Gendering Orientalism

Author : Reina Lewis
Publisher : Routledge
Page : 332 pages
File Size : 51,7 Mb
Release : 2013-06-17
Category : Social Science
ISBN : 9781136164750

Get Book

Gendering Orientalism by Reina Lewis Pdf

In contrast to most cultural histories of imperialism, which analyse Orientalist images of rather than by women, Gendering Orientalism focuses on the contributions of women themselves. Drawing on the little-known work of Henriette Browne, other `lost' women Orientlist artists and the literary works of George Eliot, Reina Lewis challenges masculinist assumptions relating to the stability and homogeneity of the Orientalist gaze. Gendering Orientalism argues that women did not have a straightforward access to an implicitly nale position of western superiority, Their relationship to the shifting terms of race, nation and gender produced positions from which women writers and artists could articulate alternative representations of racial difference. It is this different, and often less degrading, gaze on the Orientalized `Other' that is analysed in this book. By revealing the extent of women's involvement in the popular field of visual Orientalism and highlighting the presence of Orientalist themes in the work of Browne, Eliot and Charlotte Bronte, reina Lewis uncovers women's roles in imperial culture and discourse.

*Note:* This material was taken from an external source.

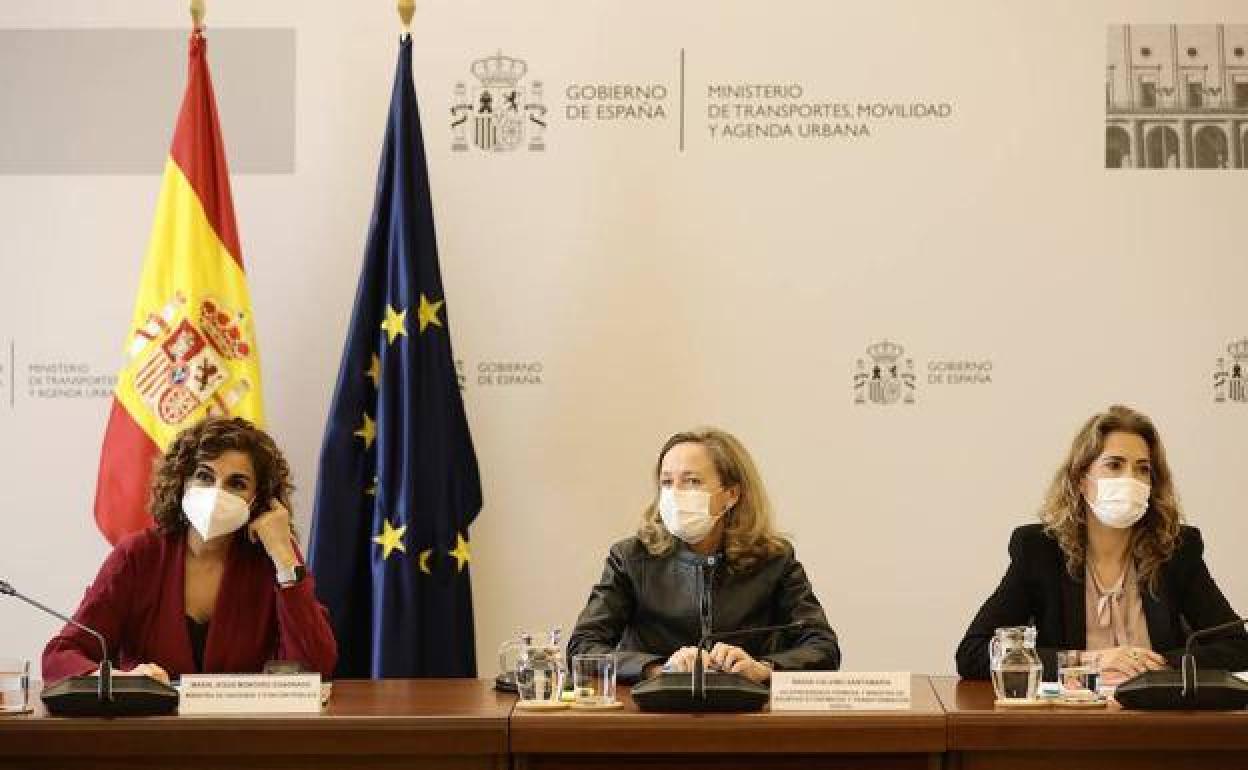 Las ministras María Jesús Montero, Nadia Calviño y Raquel Sánchez, durante la reunión.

Gendering Orientalism will appeal to students, lecturers and researchers in cultural studies, literature, art history, women's studies and anthropology.

The Eloquence of Silence

Author : Marnia Lazreg
Publisher : Routledge
Page : 254 pages
File Size : 52,8 Mb
Release : 2018-07-17
Category : Social Science
ISBN : 9781351867023

Get Book

The Eloquence of Silence by Marnia Lazreg Pdf

The Eloquence of Silence, first published in 1994, is considered a seminal text in the scholarship of women and North Africa. Marnia Lazreg makes a critical departure from more traditional studies of Algerian women, which usually examine female roles in relation to Islam – and instead takes an interdisciplinary approach, arguing that Algerian women's roles are shaped by a variety of structural and symbolic factors. These include colonial domination, demographic change, nationalism, family formation, the turn to culturalism, and the progressive shift to a capitalist economy. Grounded in archival research supplemented by interviews, and adopting a historico-critical method, the book identifies and examines the significance of an enduring feature of women’s journey: their instrumental use as tropes in struggles between groups of men opposed to one another during political crises. It demonstrates that despite being central to contentious political issues, women’s needs and aspirations were obscured just as their voices have traditionally been silenced. This new edition is thoroughly updated throughout to connect the original material to major political disruptions in the twenty-first century, such as the 9/11 attacks on New York and events around the "Arab Spring." The book foregrounds women’s determination to forge ahead, as well as their activism, which led to progress in fighting rape and other forms of violence made banal in the wake of the civil war (1992–2002). It also calls for a "decolonization" of concepts and theoretical systems used in accounting for women’s lived reality, and a questioning of facile postfeminist discourses in their manifold expressions.